Milhares de manifestantes se reuniram nesta terça-feira (15) em frente a comandos do Exército no Rio de Janeiro, Brasília e outras cidades, pedindo uma intervenção contra a vitória do presidente eleito Luiz Inácio Lula da Silva (PT), em 30 de outubro.

No dia da Proclamação da República, milhares de brasileiros vestidos de verde e amarelo se reuniram de manhã em frente ao Comando Militar do Leste, principal quartel general do Exército nesta região, no centro da cidade do Rio de Janeiro.

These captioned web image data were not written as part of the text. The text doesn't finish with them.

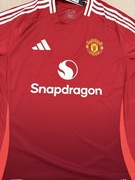 Nowa koszulka Manchester United 24/25 XL - Adidas authentic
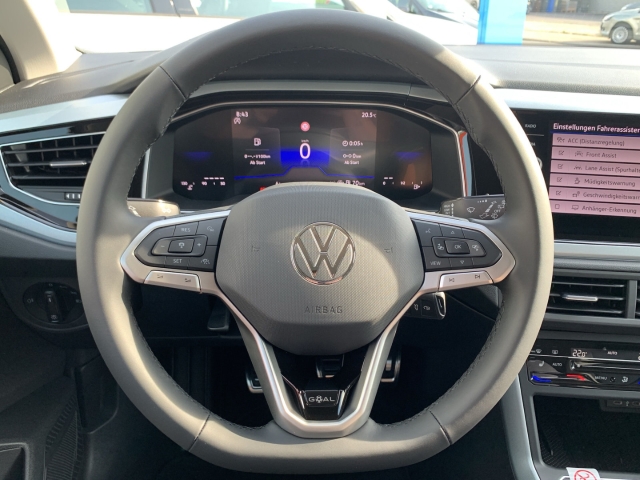 Taigo 1.0 TSI Goal AHK Kamera App-Connect SHZ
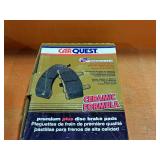 Lot of (2 Boxes) Car Quest® Disc Brake Pads - 1993-2007 Ford Taurus BD610, Crown Vic Rear GCD674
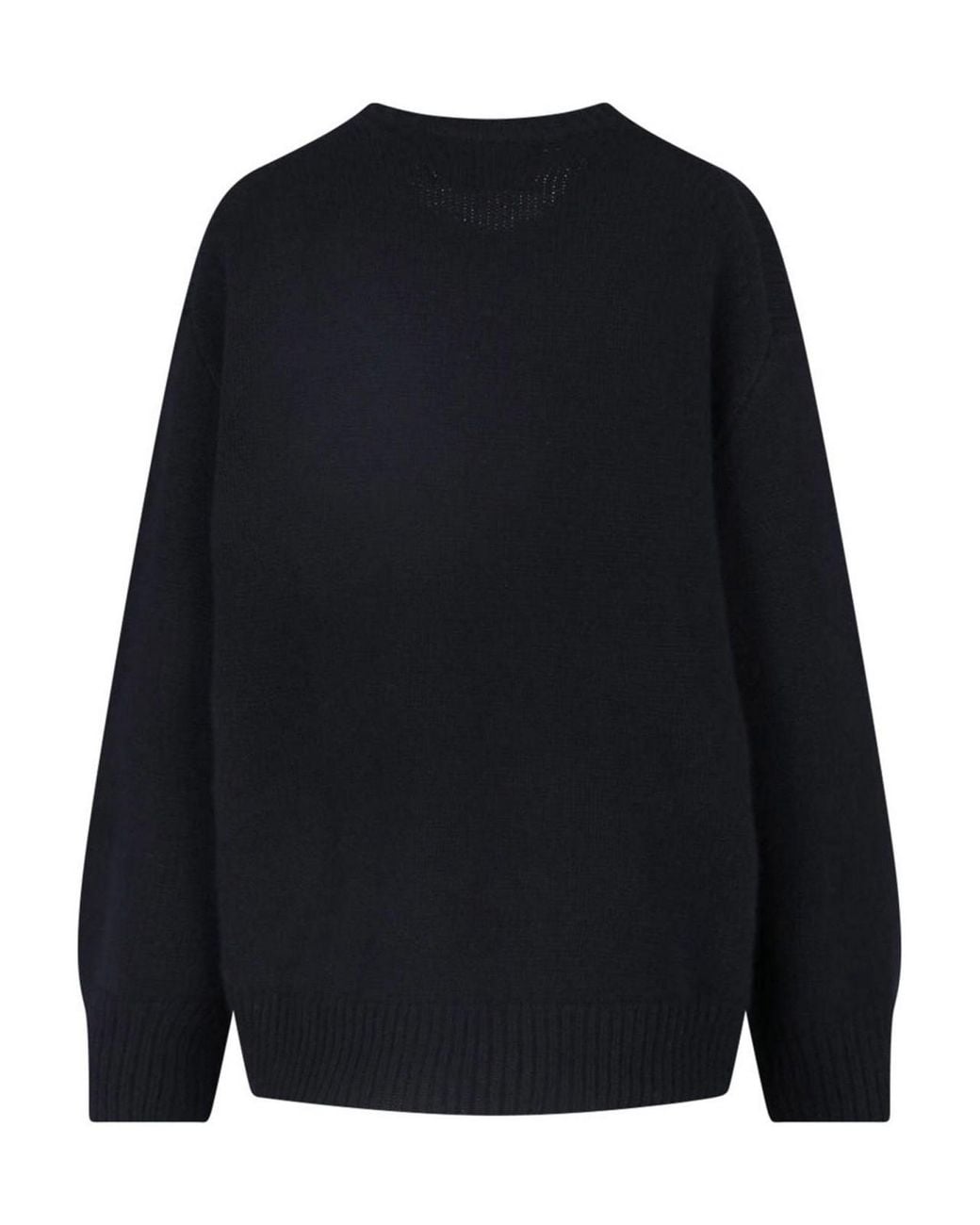 Lisa Yang Blue Cashmere Sweater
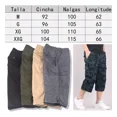 thumbnail image 2 of Bermuda Tipo Cargo Casual Para Hombre Mezclilla Strech Short, 2 of 5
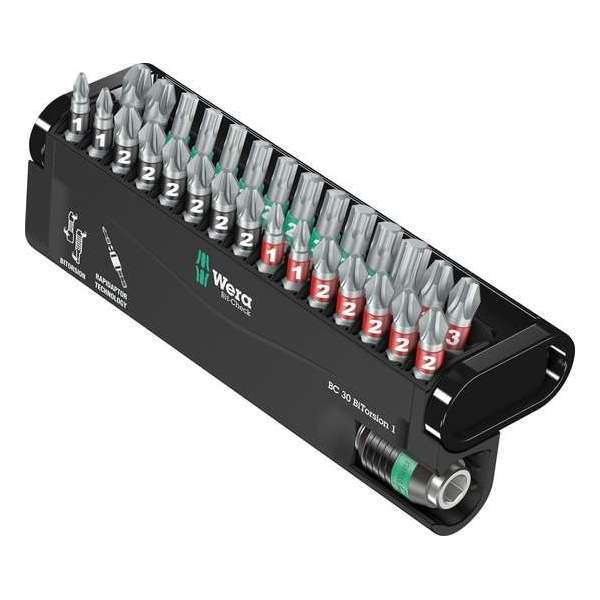 Wera Bit-Check 30 BiTorsion 1 Bitset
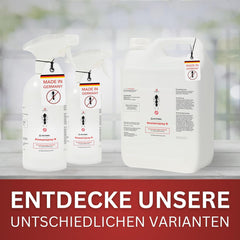 BIODELTA Ant Spray - Anti-ant agent for combating ants in the home and garden - combats ants - against all types of ants - long-lasting effect, odorless and stain-free (500 ml)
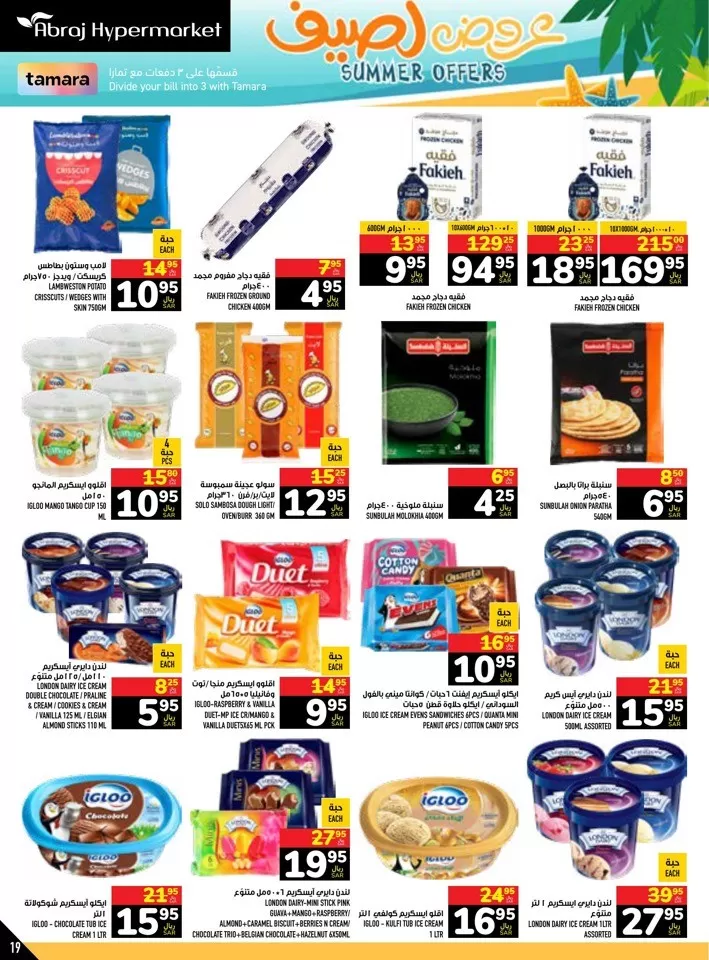 Abraj Hypermarket Summer Offers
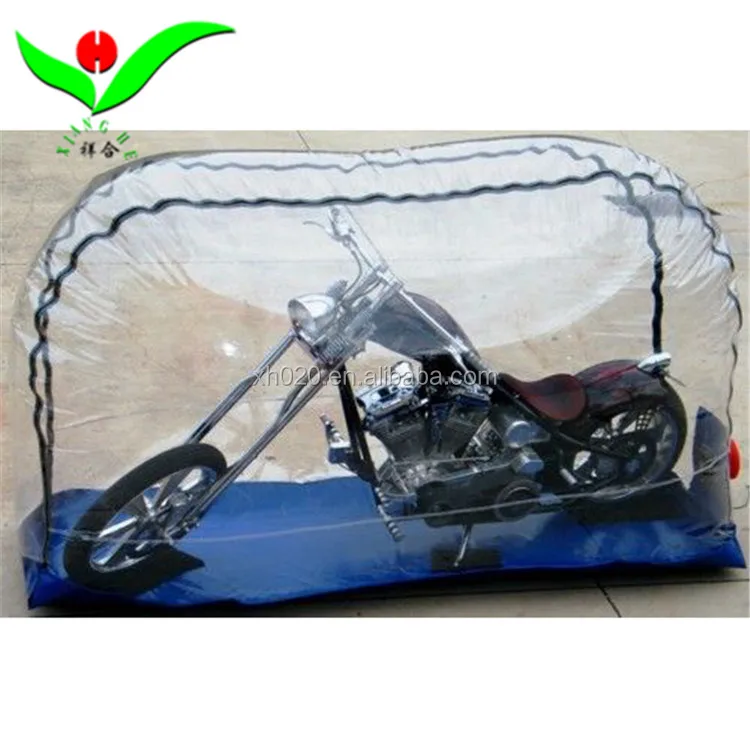 Welding Vehicle Outdoor Waterproof Inflatable Motorcycle Bubble Tent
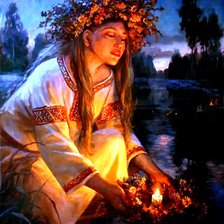 Схема вышивки «Ивана Купала»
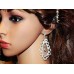 592147-101 Fashion Silver Earring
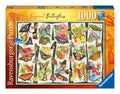 Ravensburger | Tropical Butterflies 1000 Piece Jigsaw Puzzle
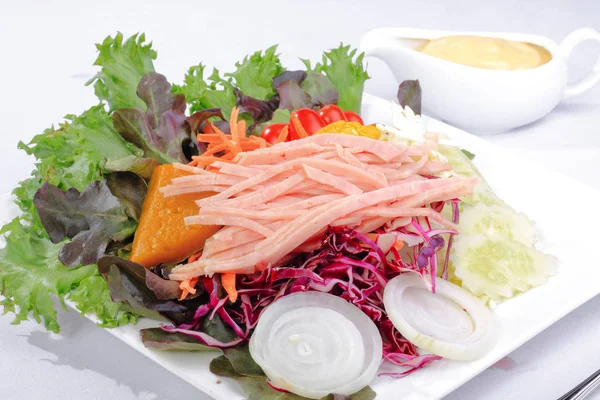 Muchos Menú Alimentos Para Comer — Foto de Stock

"Não queremos que Lula assuma o comando no dia 1° de janeiro, não queremos um país comunista, queremos um Brasil melhor", declarou à AFP a bancária Lais Nunes, de 30 anos, durante a manifestação.

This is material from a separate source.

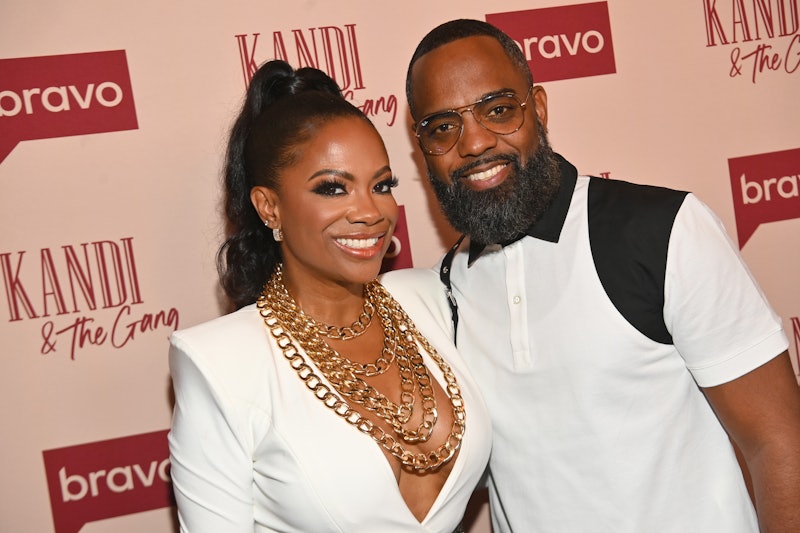 Kandi Burruss and Todd Tucker star in a new Bravo spinoff, Kandi & the Gang, which follows their liv...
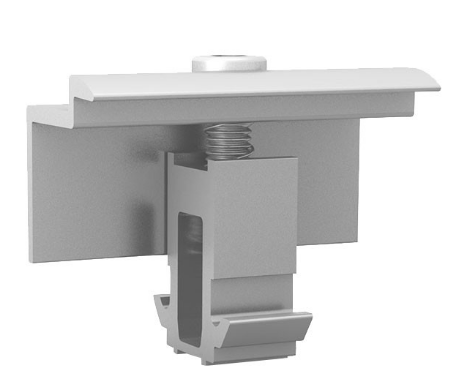 K2 MiniClamp EC, silber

Muitos carregavam a bandeira do Brasil e entoavam o hino nacional toda vez que era reproduzido em um caminhão com alto-falante.

"Há diversas informações de que houve fraude nas eleições (...), não podemos aceitar isso", afirmou por sua vez o policial Leandro de Oliveira, de 38 anos, que atribui a fraude a uma suposta conspiração por parte do Tribunal Superior Eleitoral (TSE) para privilegiar o ex-presidente Lula (2003-2010), argumentos que já foram desmentidos por diversas autoridades e observadores internacionais.

Em Brasília, milhares de pessoas também se reuniram em frente ao Quartel General do Exército, carregando faixas com legendas como "S.O.S. Forças Armadas" ou "auditoria nas urnas", apurou a AFP.

A segurança foi reforçada na região central de Brasília nesta terça-feira após a convocação de protestos pelas redes sociais.

A Polícia restringiu de forma “preventiva” o acesso de veículos e pedestres à Praça dos Três Poderes, onde estão localizados o Palácio do Planalto, o Congresso Nacional e o Supremo Tribunal Federal, segundo a Secretaria de Segurança do Distrito Federal.

Os manifestantes denunciam uma “fraude” supostamente perpetrada com o sistema de urnas eletrônicas, instalado no Brasil desde 1996, e questionado sem fundamentos por Bolsonaro.

Essa possibilidade, no entanto, foi descartada por inúmeros observadores internacionais e por um relatório das próprias Forças Armadas.

Após a derrota eleitoral e enquanto avança a transição que culminará com a posse de Lula em janeiro, Bolsonaro continua recluso e praticamente se ausentou da vida pública, até mesmo das redes sociais.